Most researchers use MATLAB, Octave, or “R” for numeric analysis. There are also newer offering such as F# and “Sho” for numeric analysis. This paper uses C# environment instead. As you can see, I need extra binary library to handle numeric analysis because C# is not built for this specific task.
Compare to other websites that explained eigenfaces, I will try to explain how to perform facial recognition and reconstructions as simple as possible. You will see more pseudo code instead of math notations. In addition, you will see some little details that are often left out from other sources.
I am going to bluntly list out the sites I find useful if you wish to read more about it.
Facial recognition is often done in Google Picasa, Microsoft Live Gallery, and Facebook.
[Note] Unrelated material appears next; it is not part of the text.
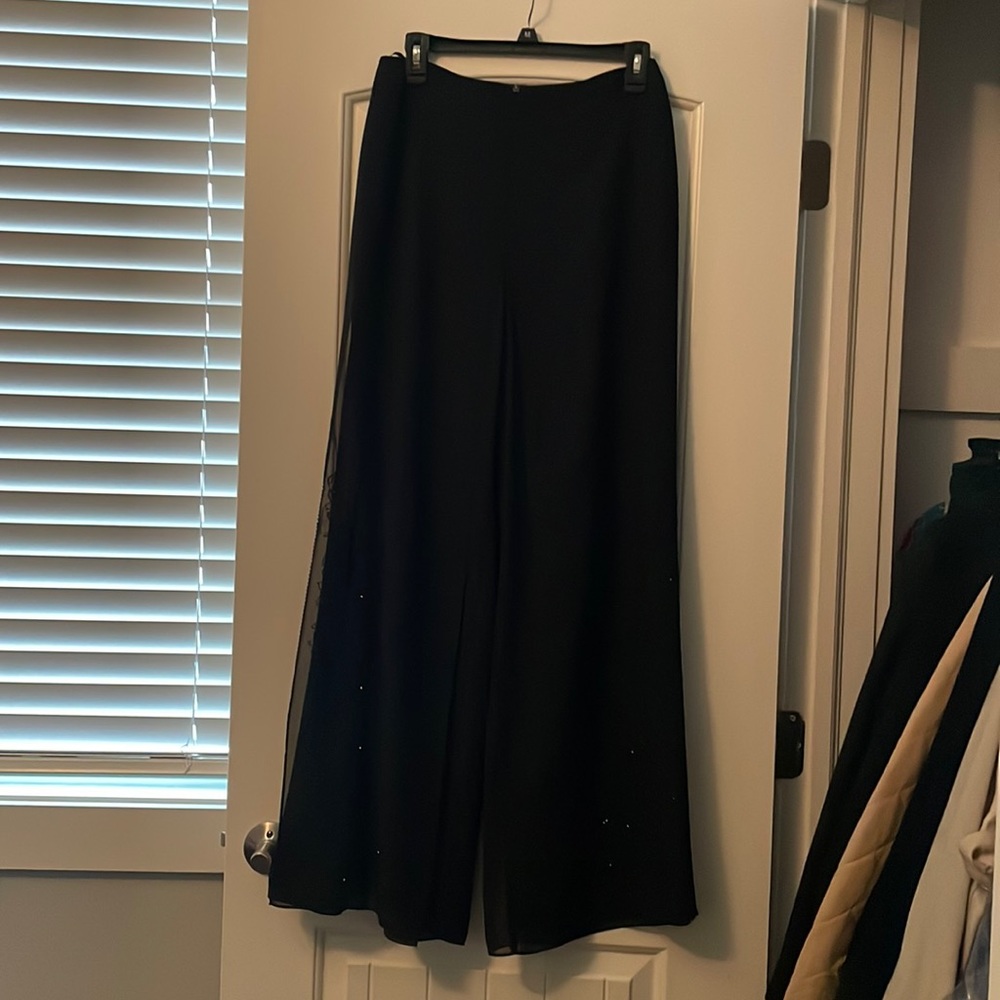 Jones New York Evening black dress pants with sheer beaded overlay. Size 6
To allow computer recognize a person is not only useful for casual users, but, very convenient to identify person of interest for police or military uses. One way to achieve this is by feature extractions. Eigenfaces can be understood as feature faces. Eigenfaces is a basic facial recognition introduced by M. Turk and A. Pentland  in 1991. It is not the most accurate method compares to the modern approaches, but, it sets the basis for many new algorithms in the field.
What does it mean by feature faces? What feature are we tracking? In this paper, we don’t know exactly what features we are tracking, we only know that we are tracking important features. We obtain the important features by using Singular Value Decomposition (SVD) over covariance matrix.
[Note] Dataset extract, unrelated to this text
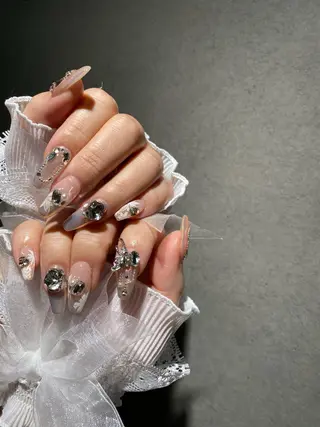 ネイル I-nailロング /ワンホン/キラキラのネイルデザイン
Singular Value Decomposition (SVD):
SVD is one of common way to perform Principal Component Analysis (PCA). PCA in short is a process to find important contributors of data. Thus, instead of considering all possible contributors to a result, we only use the important ones. This not only reduced a lot of calculation on the remaining important contributors, but, it also saved a lot of memory used to perform analysis. SVD over covariance matrix has the following characteristics:
- You will get U S V* from the decomposition.
- The U and V contain eigen-vectors ordered from highest variance to lowest variance.
- Highest variance means the vector captures features that change the most.
- Eigen-vectors are orthogonal to each other. They don’t share the same features.
- Eigen-values in S indicate the importance of each corresponding eigen-vector.
In summary, SVD will tell you which special vector that give you’re the most “diverse” result from your dataset, and less important vectors in descending orders. Meaning the first column of the eigen-vectors are the most important, the second column of eigen-vectors are the second most important, and so on.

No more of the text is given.